Como testar uma Rails API com Rspec

 

Primeiramente, será apresentado como criar uma API Rest usando Rails 5.0 a partir da API de clima disponível no site https://openweathermap.org/api. Em seguida, será instalado o pacote RSpec de Rails para que seja possível executar os testes dessa API.

Pré-requisitos

Criando uma API Rest com Ruby on Rails

Para criar uma API com Rails é necessário que seja feita a instalação completa do Rails 5.0 na sua máquina.

No terminal entrar na pasta do seu workspace e digitar o comando para criar um novo projeto de API em rails:

C:/workspace>rails new climateapi --api
Observe que esse projeto difere dos outros projetos por haver o termo ‘api

Com a aplicação criada, entrar na pasta do projeto criado e digitar o comando para instalar todas as bibliotecas do projeto.
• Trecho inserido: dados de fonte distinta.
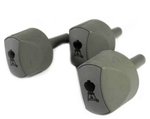 Weber Control Knob (Set of 3)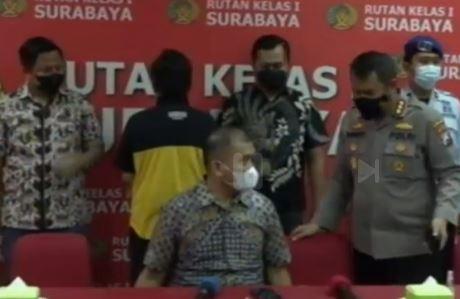 Gegara Bela Bechi Kasus Cabul 5 Orang Jadi Tersangka, Emang Enak?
C:/workspace/climateapi>bundle install
Caso ocorra algum erro referente ao sqlite, basta alterar no arquivo /climateapi/Gemfile.
gem 'sqlite3', '< 1.4'
gem 'rack-cors'

Em seguida, executar novamente o comando ‘bundle install’.

Na pasta config adicionar ao arquivo application.rb a configuração do Cors, que autoriza essa API ser utilizada por outros sistemas. 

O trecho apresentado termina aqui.